-- Records to process follows --

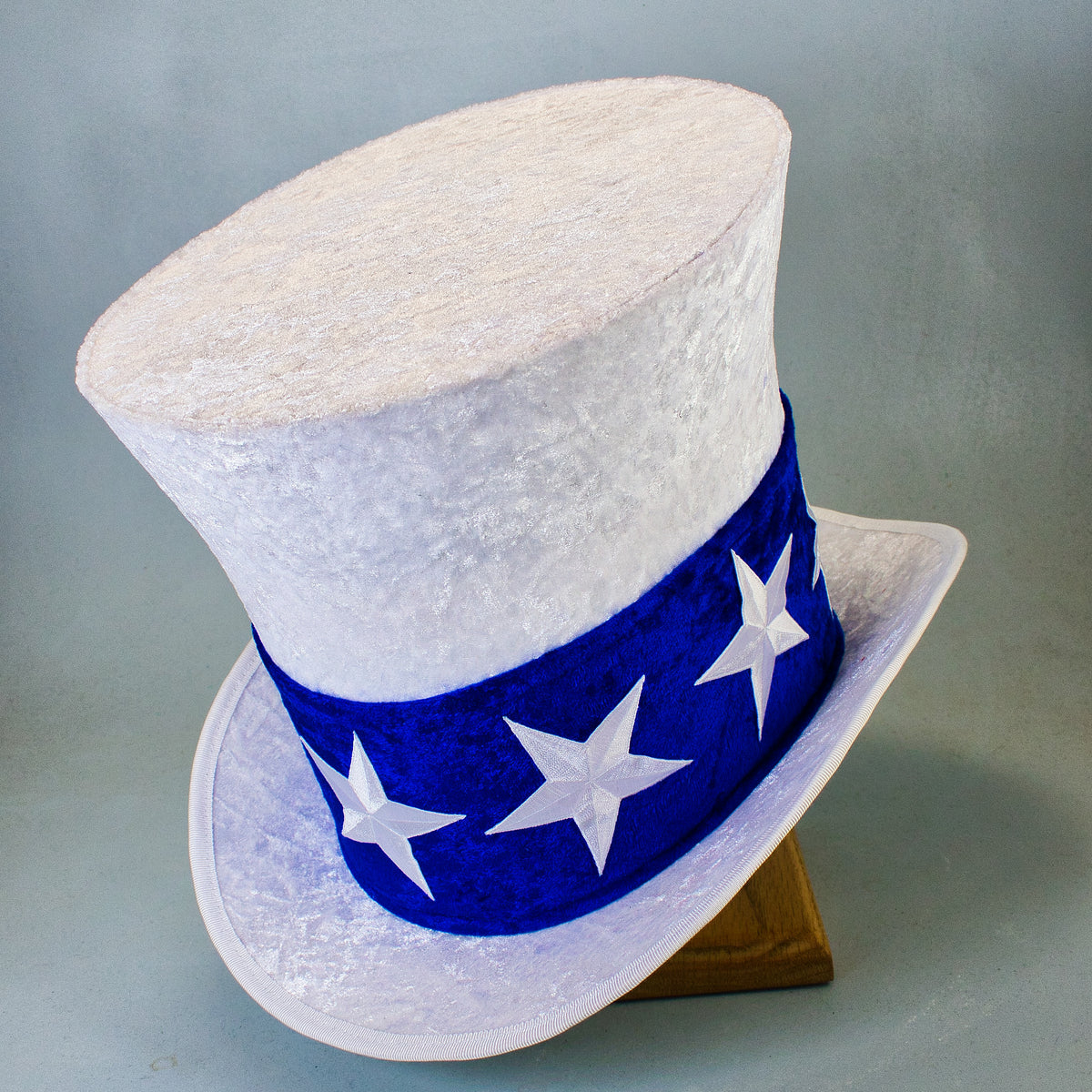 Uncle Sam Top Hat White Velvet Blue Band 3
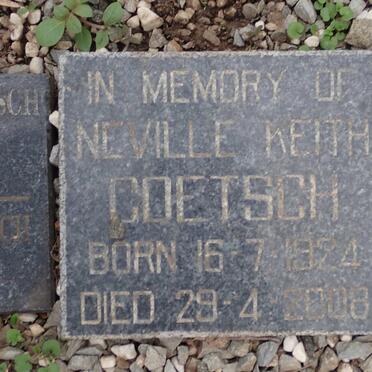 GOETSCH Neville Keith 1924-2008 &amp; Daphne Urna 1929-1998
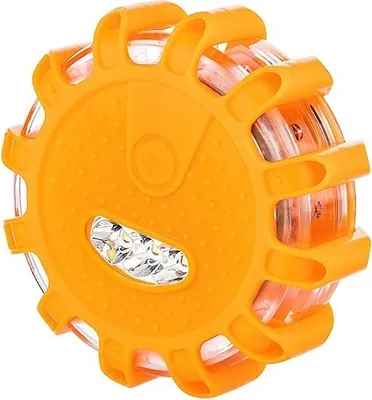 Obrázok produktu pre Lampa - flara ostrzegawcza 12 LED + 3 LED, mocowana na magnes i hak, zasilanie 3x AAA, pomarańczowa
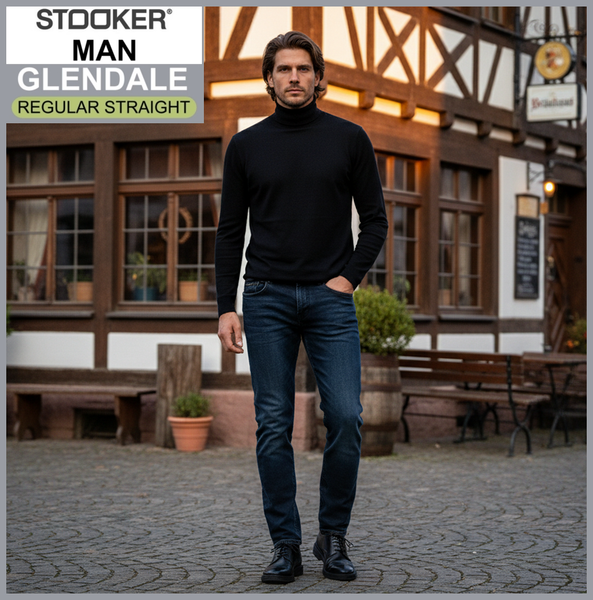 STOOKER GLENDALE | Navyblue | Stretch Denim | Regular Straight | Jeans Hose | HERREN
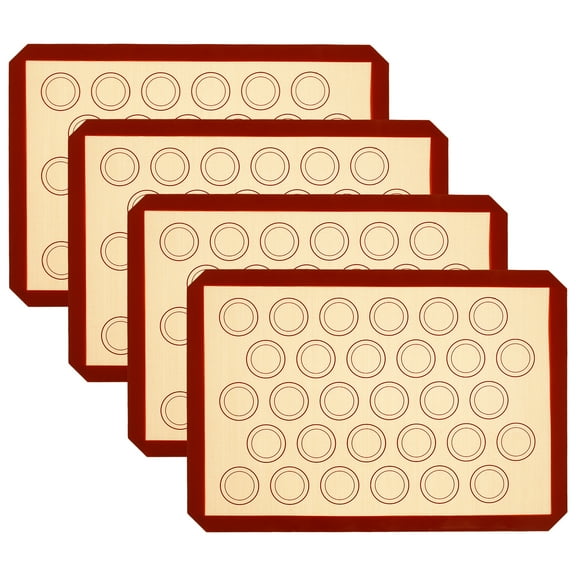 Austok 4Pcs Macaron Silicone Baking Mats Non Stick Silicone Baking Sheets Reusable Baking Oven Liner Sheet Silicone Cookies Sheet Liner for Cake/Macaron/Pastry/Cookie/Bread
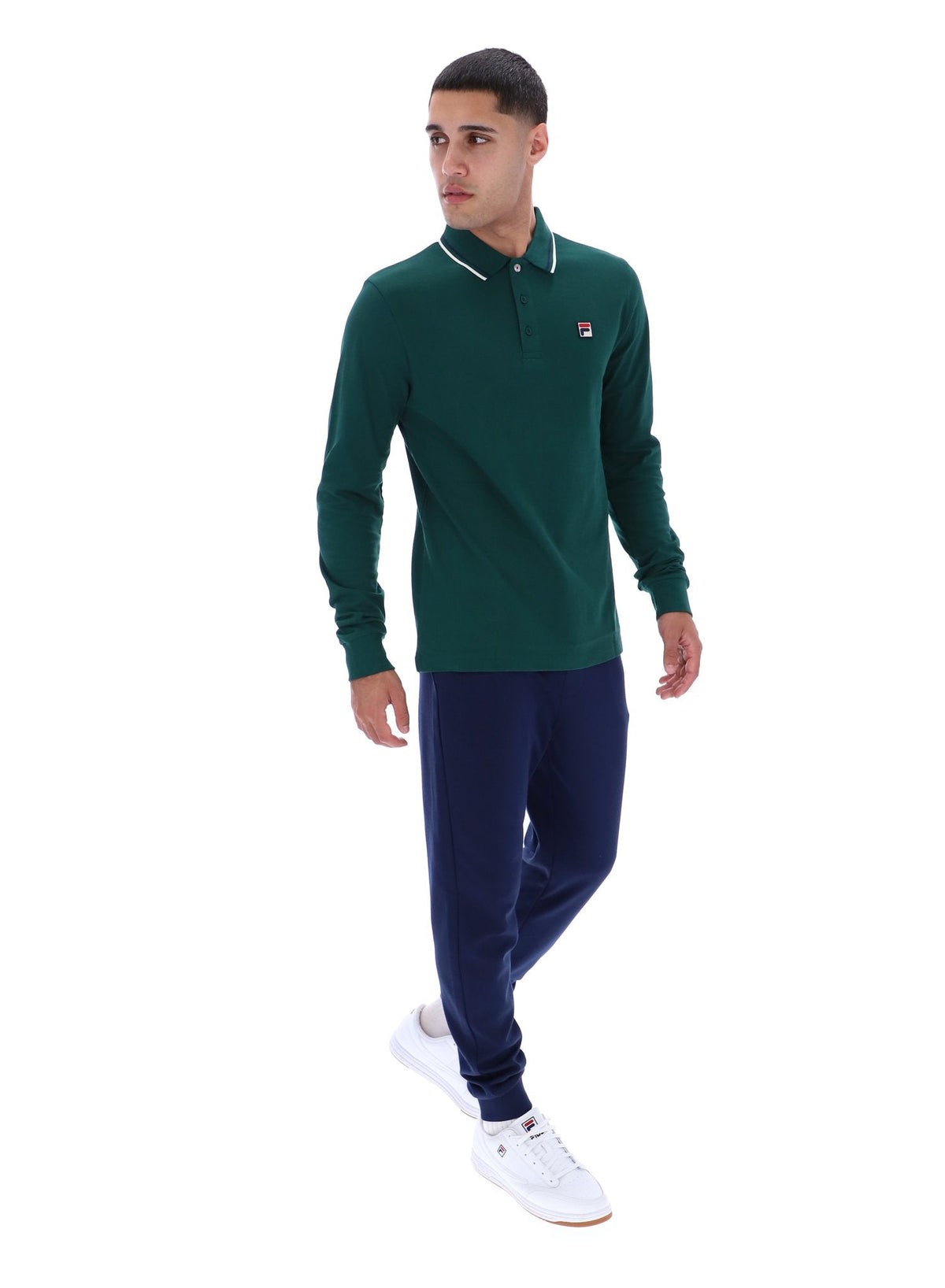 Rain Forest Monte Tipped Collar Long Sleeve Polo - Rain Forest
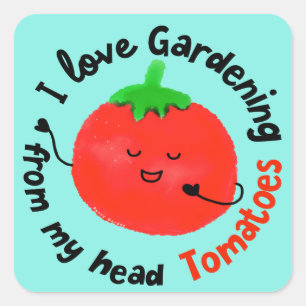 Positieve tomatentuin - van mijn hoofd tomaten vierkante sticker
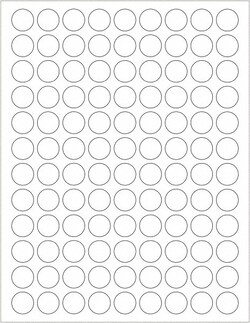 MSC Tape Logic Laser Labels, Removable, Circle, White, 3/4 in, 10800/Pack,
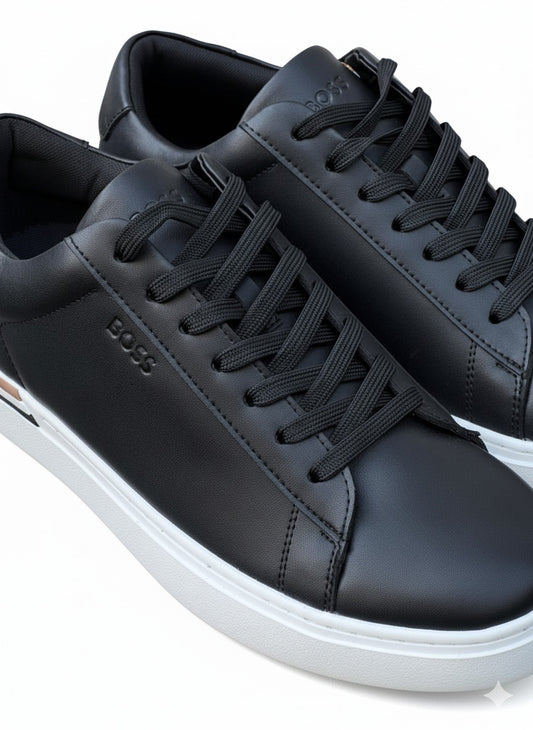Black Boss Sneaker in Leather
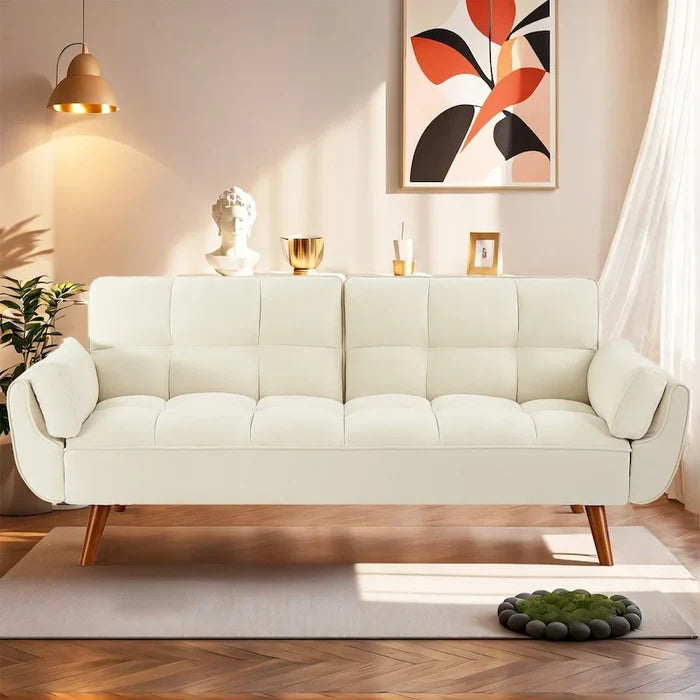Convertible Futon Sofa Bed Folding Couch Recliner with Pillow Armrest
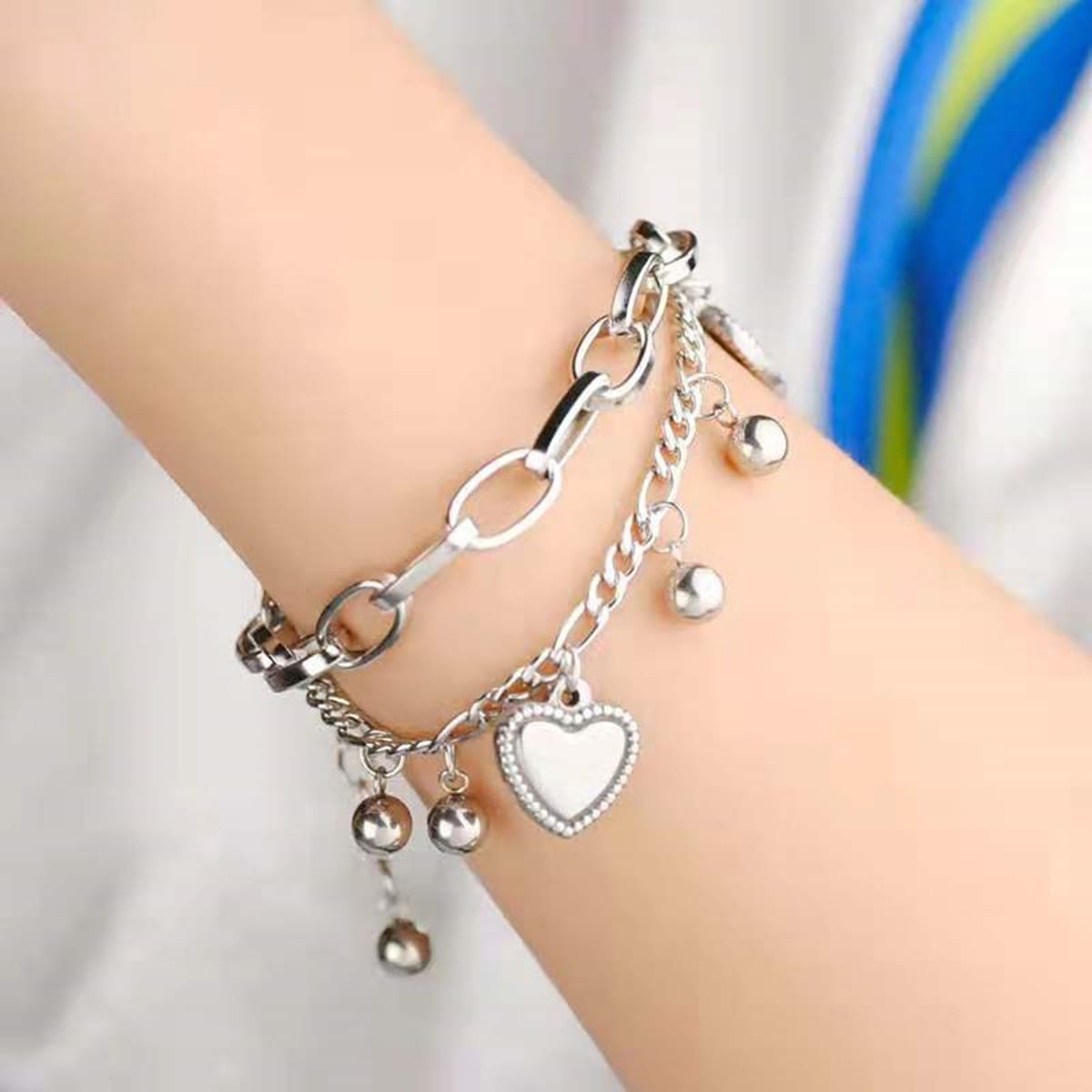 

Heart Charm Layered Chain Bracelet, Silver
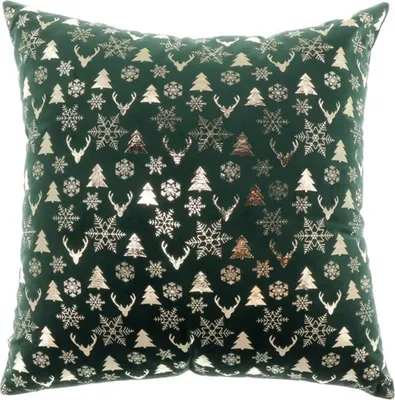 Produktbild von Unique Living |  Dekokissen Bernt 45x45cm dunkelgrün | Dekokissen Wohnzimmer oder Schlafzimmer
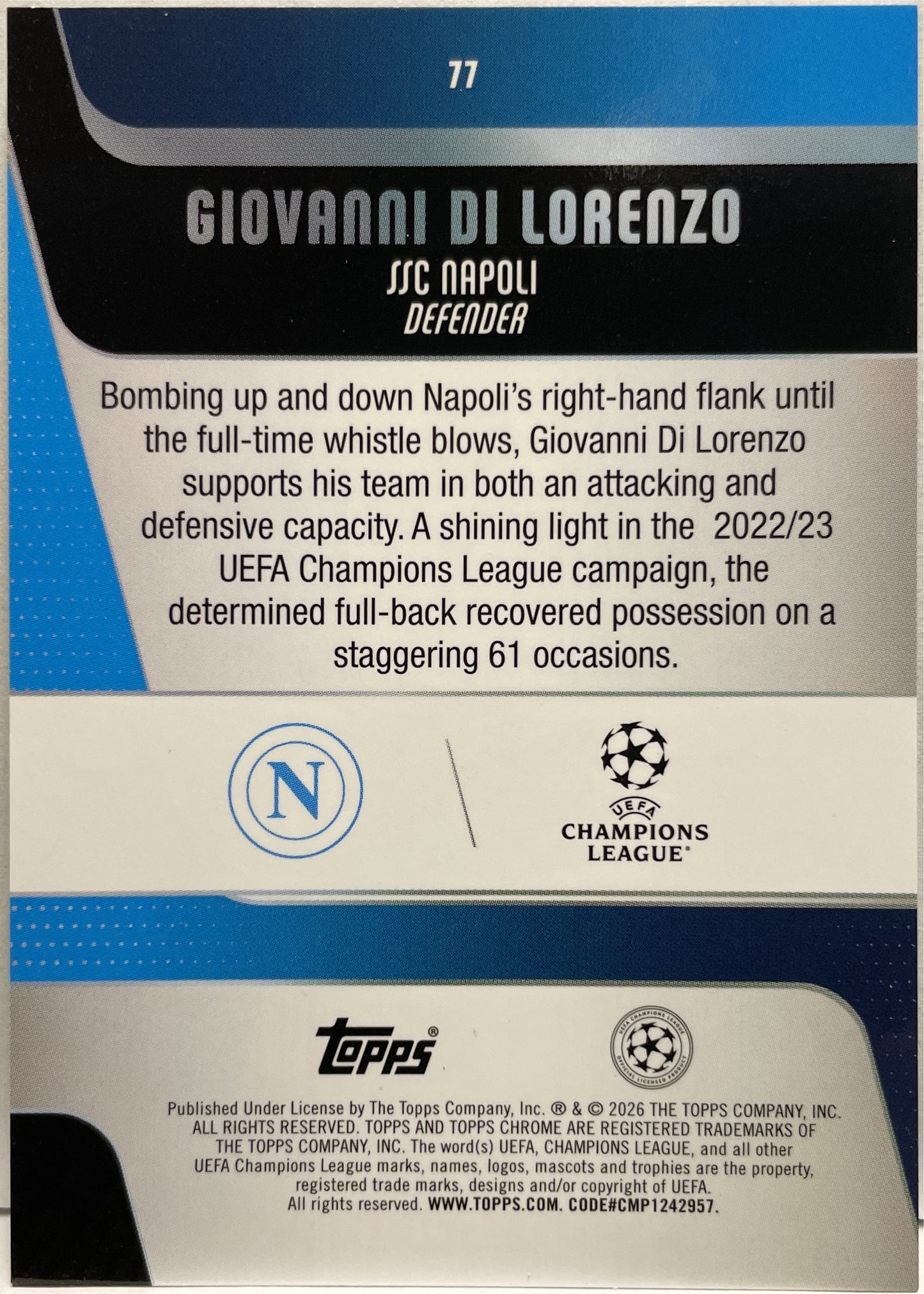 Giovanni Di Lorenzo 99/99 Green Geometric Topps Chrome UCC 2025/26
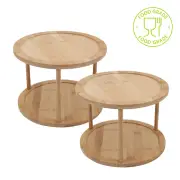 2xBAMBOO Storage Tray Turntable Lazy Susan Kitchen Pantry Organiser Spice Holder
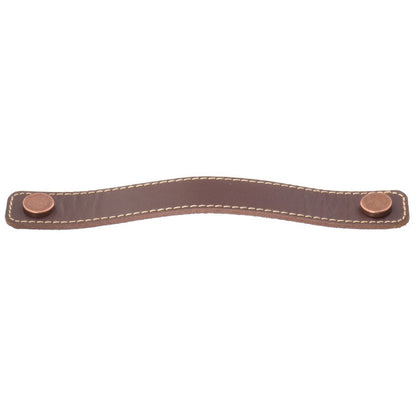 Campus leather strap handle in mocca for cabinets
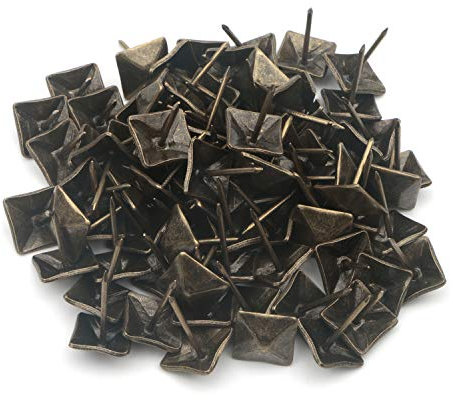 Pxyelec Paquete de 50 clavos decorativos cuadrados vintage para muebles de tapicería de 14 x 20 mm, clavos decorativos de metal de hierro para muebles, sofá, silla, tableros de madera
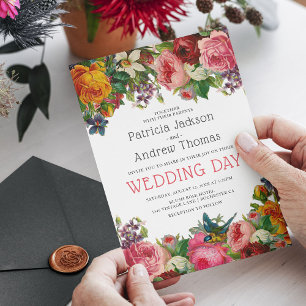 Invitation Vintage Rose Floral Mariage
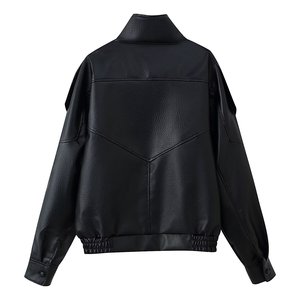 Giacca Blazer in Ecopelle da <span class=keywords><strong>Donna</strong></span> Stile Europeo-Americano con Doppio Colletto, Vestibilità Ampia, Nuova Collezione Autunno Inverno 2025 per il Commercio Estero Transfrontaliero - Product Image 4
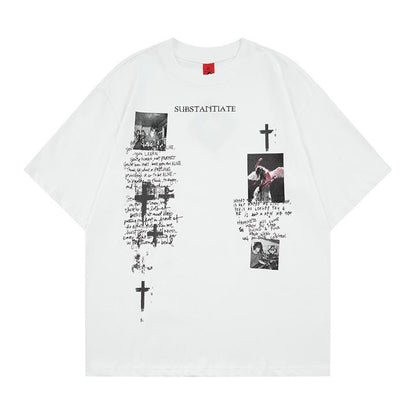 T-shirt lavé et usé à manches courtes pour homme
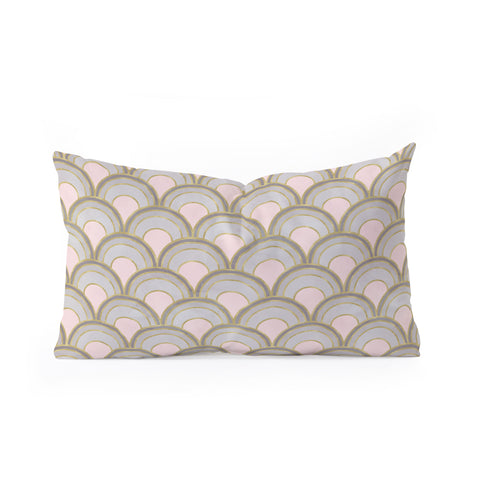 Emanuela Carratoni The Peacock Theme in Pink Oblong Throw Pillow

-- Records to process concluded --

Directions:
Send back the data above word for word, with the pictures left out.

Answer for the task:
 Uncle Sam Top Hat White Velvet Blue Band 3
 GOETSCH Neville Keith 1924-2008 &amp; Daphne Urna 1929-1998
 Obrázok produktu pre Lampa - flara ostrzegawcza 12 LED + 3 LED, mocowana na magnes i hak, zasilanie 3x AAA, pomarańczowa
 STOOKER GLENDALE | Navyblue | Stretch Denim | Regular Straight | Jeans Hose | HERREN
 Austok 4Pcs Macaron Silicone Baking Mats Non Stick Silicone Baking Sheets Reusable Baking Oven Liner Sheet Silicone Cookies Sheet Liner for Cake/Macaron/Pastry/Cookie/Bread
 Rain Forest Monte Tipped Collar Long Sleeve Polo - Rain Forest
 Positieve tomatentuin - van mijn hoofd tomaten vierkante sticker
 MSC Tape Logic Laser Labels, Removable, Circle, White, 3/4 in, 10800/Pack,
Black Boss Sneaker in Leather
Convertible Futon Sofa Bed Folding Couch Recliner with Pillow Armrest

Heart Charm Layered Chain Bracelet, Silver
 Produktbild von Unique Living |  Dekokissen Bernt 45x45cm dunkelgrün | Dekokissen Wohnzimmer oder Schlafzimmer
 Giovanni Di Lorenzo 99/99 Green Geometric Topps Chrome UCC 2025/26
 2xBAMBOO Storage Tray Turntable Lazy Susan Kitchen Pantry Organiser Spice Holder
 Campus leather strap handle in mocca for cabinets
 Pxyelec Paquete de 50 clavos decorativos cuadrados vintage para muebles de tapicería de 14 x 20 mm, clavos decorativos de metal de hierro para muebles, sofá, silla, tableros de madera
 Invitation Vintage Rose Floral Mariage
 Giacca Blazer in Ecopelle da <span class=keywords><strong>Donna</strong></span> Stile Europeo-Americano con Doppio Colletto, Vestibilità Ampia, Nuova Collezione Autunno Inverno 2025 per il Commercio Estero Transfrontaliero - Product Image 4
 T-shirt lavé et usé à manches courtes pour homme
 Emanuela Carratoni The Peacock Theme in Pink Oblong Throw Pillow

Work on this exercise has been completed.